Study Finds Early Retirement May Worsen Cognitive Decline

A new study carried out by researchers at Binghamton University has found that retiring at an early age may speed up cognitive decline among the elderly. Assistant economics professor Plamen Nikolov led the study, with the help of economics doctoral student Shahadath Hossain.

The researchers’ objective was to determine how retirement plans affected cognitive performance. They focused on Asia, which has recorded a decline in fertility and has a higher life expectancy, meaning the elderly make up the biggest demographic. This has created a need for better sustainable pension systems.

For their study, the duo examined data obtained from the Chinese Health and Retirement Longitudinal Survey and China’s New Rural Pension Scheme. The Chinese Health and Retirement Longitudinal Survey is a nationally representative survey of individuals aged 45 and above in China. The survey directly tests participant cognition with a focus on components of intact mental status and episodic memory.

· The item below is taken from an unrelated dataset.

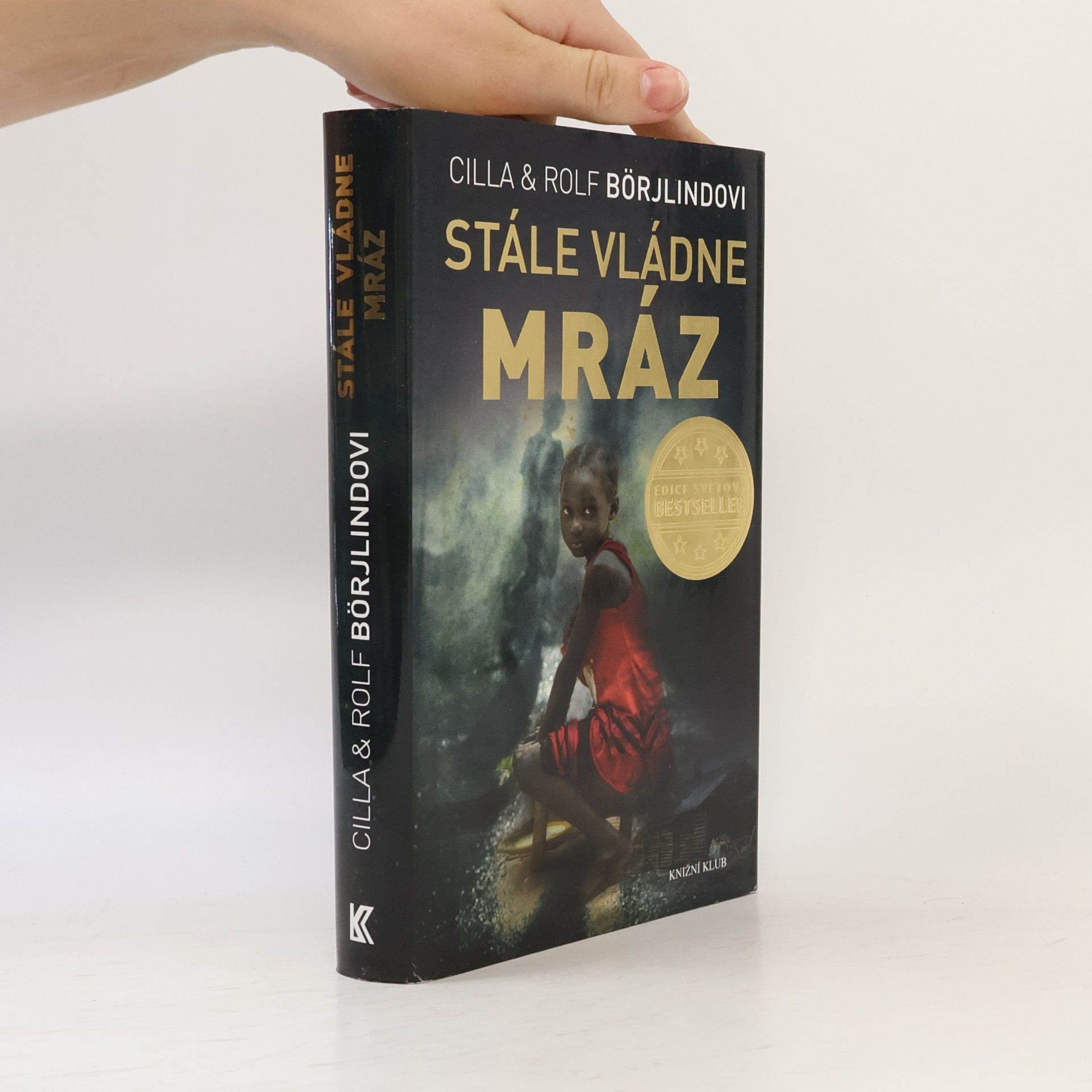 Rolf Börjlind Stále vládne mráz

They also obtained data detailing the socioeconomic and behavior characteristics of participants in the new pension scheme. This led to the discovery that the new retirement program caused adverse effects on cognitive functioning among the elderly. The researchers observed delayed recall, a predictor of dementia, in most participants, noting that the program also affected females more negatively in comparison to their male counterparts.

Nikolov explained that their findings supported the mental retirement hypothesis that reduced mental activity caused cognitive skills to worsen.

The researchers also found that while retirement and pension benefits caused improvements in participant health, it also influenced social activities and engagement as well as activities linked to mental fitness negatively.

In their report, Nikolov stated that participants reported significantly lower social-engagement levels, with substantially lower volunteering and social interaction rates with those who didn’t benefit from the program. He explained that increased social isolation was strongly associated with faster decline in cognitive function among older individuals.

He then noted that while the retirement program did improve some health behaviors, the adverse effects of early retirement on social and mental engagement substantially outweighed its benefits.

The researchers were also surprised to observe that their findings were similar to those seen in higher income nations such as England and the United States. This, they said, showed that retirement affects individuals in different areas in similar ways.

The researchers are hopeful that the study will be useful in the creation of new policies to improve cognitive functioning among the elderly following their retirement.

The study’s findings were published in the “Journal of Economic Behavior & Organization.”